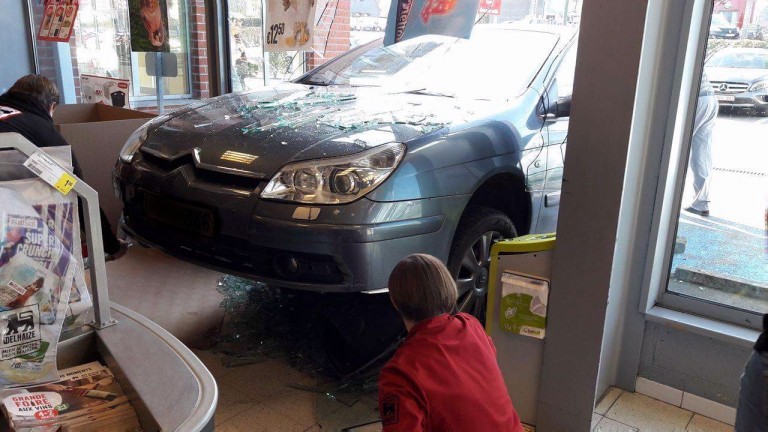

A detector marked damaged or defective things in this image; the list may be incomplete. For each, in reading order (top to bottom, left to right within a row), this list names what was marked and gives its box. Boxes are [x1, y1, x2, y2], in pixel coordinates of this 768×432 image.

shattered glass on floor [210, 276, 402, 422]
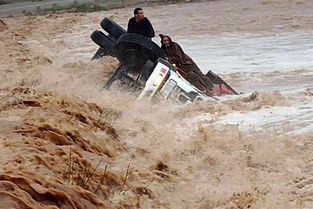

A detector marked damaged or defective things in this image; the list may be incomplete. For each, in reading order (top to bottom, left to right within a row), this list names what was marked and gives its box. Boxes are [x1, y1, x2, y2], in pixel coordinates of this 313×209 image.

overturned truck [90, 17, 236, 103]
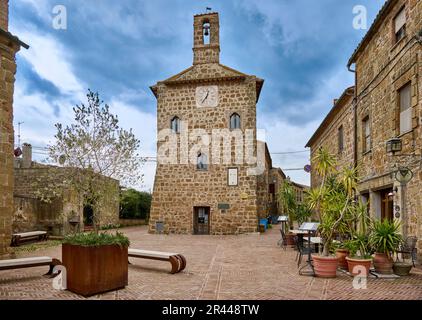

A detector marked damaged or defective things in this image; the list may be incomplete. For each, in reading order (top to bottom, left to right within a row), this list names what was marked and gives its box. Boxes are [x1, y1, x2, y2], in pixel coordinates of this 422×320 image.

rusty metal planter box [62, 244, 129, 296]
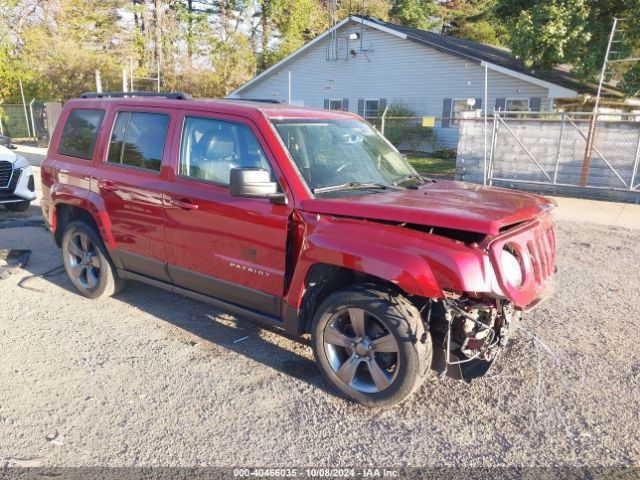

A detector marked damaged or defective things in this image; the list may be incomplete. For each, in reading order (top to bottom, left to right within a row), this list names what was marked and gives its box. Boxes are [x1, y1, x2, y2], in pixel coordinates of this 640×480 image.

crumpled hood [300, 179, 556, 235]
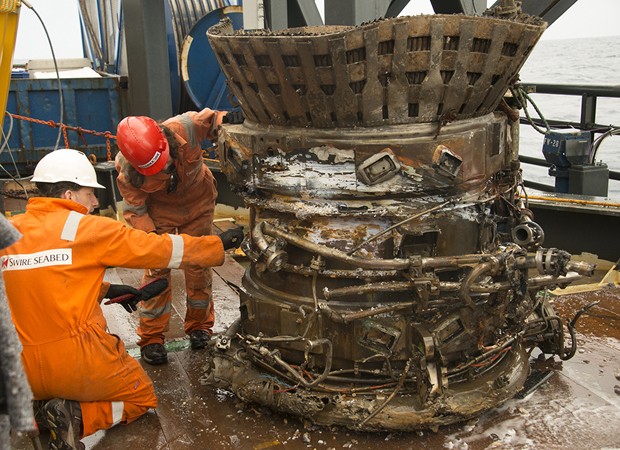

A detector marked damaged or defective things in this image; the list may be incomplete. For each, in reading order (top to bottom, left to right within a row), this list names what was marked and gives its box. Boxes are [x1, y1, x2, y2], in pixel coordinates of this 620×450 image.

corroded rocket engine [205, 6, 596, 428]
rusted metal surface [201, 8, 604, 432]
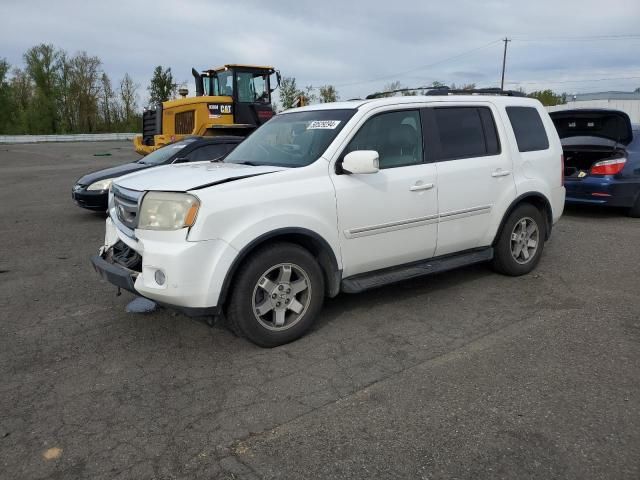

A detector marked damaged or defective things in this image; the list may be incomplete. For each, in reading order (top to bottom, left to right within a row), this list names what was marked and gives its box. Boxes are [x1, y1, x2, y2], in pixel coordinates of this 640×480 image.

cracked headlight [138, 191, 200, 231]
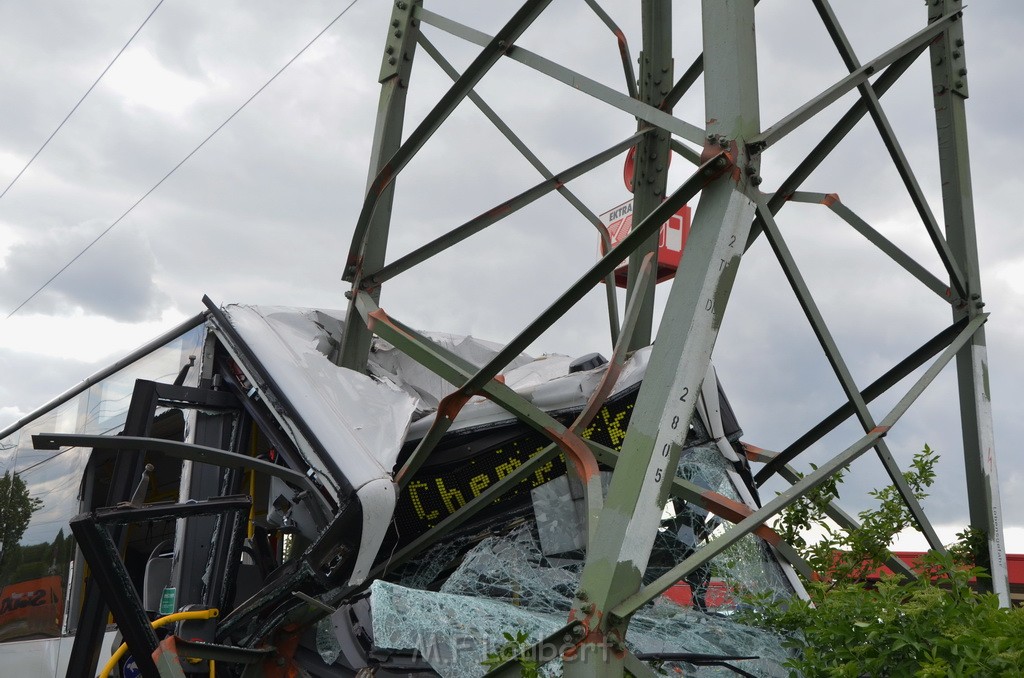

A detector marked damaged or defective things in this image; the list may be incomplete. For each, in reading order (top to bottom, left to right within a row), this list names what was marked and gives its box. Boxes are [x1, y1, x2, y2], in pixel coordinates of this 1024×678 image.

crashed bus [0, 301, 798, 675]
rust stain on steel beam [700, 491, 778, 548]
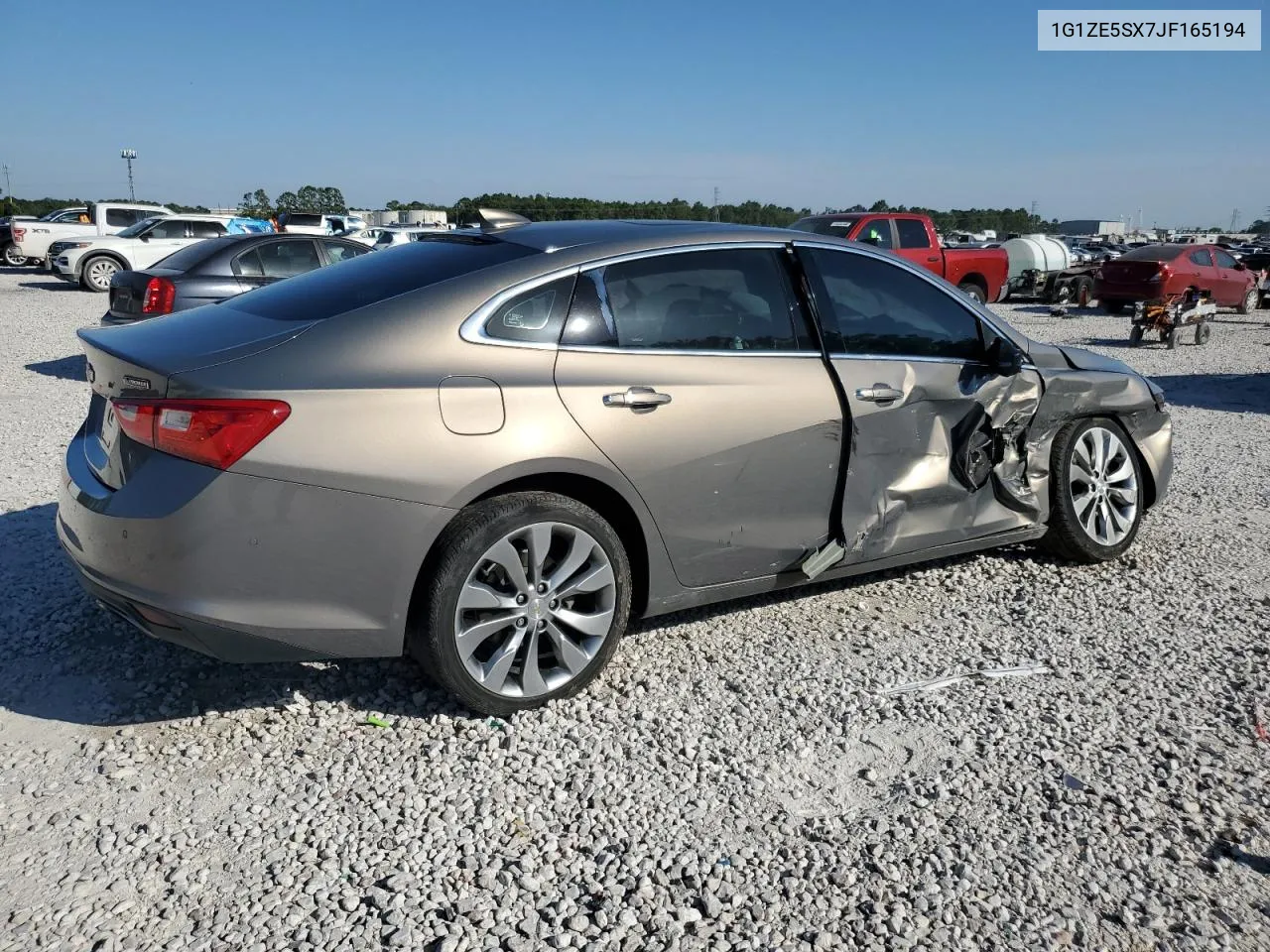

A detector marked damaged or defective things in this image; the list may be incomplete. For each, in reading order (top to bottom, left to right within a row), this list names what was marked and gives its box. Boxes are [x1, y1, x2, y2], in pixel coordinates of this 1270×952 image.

damaged chevrolet malibu [60, 212, 1175, 710]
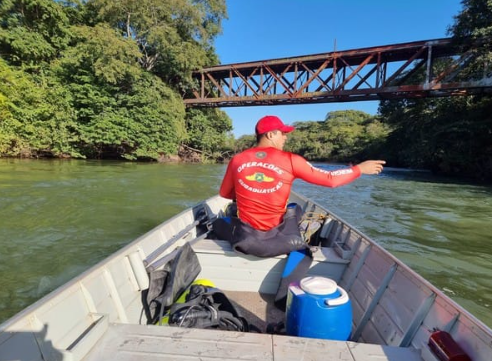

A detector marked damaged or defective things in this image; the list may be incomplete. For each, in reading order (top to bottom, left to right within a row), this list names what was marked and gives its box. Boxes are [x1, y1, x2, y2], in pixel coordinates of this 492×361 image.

rusty bridge girder [184, 38, 492, 107]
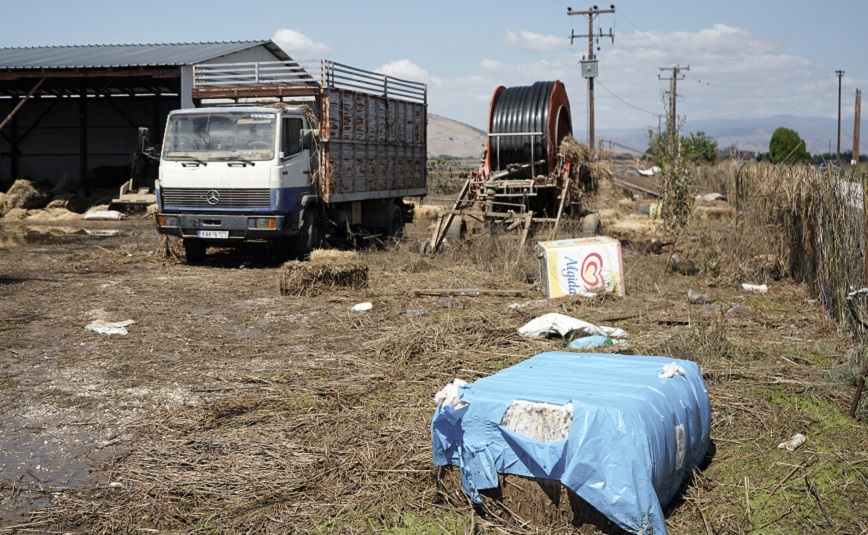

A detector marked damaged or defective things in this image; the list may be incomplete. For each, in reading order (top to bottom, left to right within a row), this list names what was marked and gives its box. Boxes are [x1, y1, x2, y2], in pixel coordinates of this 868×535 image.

rusty farm equipment [428, 81, 584, 253]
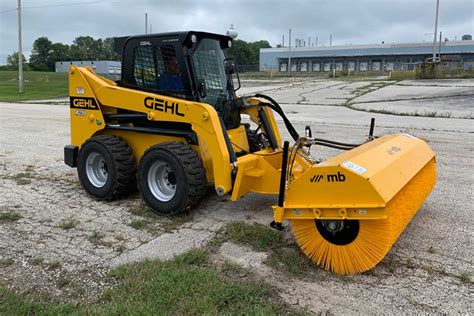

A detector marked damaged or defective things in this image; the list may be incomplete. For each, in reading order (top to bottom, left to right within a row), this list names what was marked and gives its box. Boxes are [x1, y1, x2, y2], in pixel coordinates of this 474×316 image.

cracked concrete pavement [0, 78, 472, 312]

━━━━━━━━━━━━━━━━

## Task requirements
Your answer is the line containing "this 474×316 image." plus every line after it through the end of the entries, given again exactly and alone.

## Output of the task
A detector marked damaged or defective things in this image; the list may be incomplete. For each, in reading order (top to bottom, left to right within a row), this list names what was marked and gives its box. Boxes are [x1, y1, x2, y2], in pixel coordinates of this 474×316 image.

cracked concrete pavement [0, 78, 472, 312]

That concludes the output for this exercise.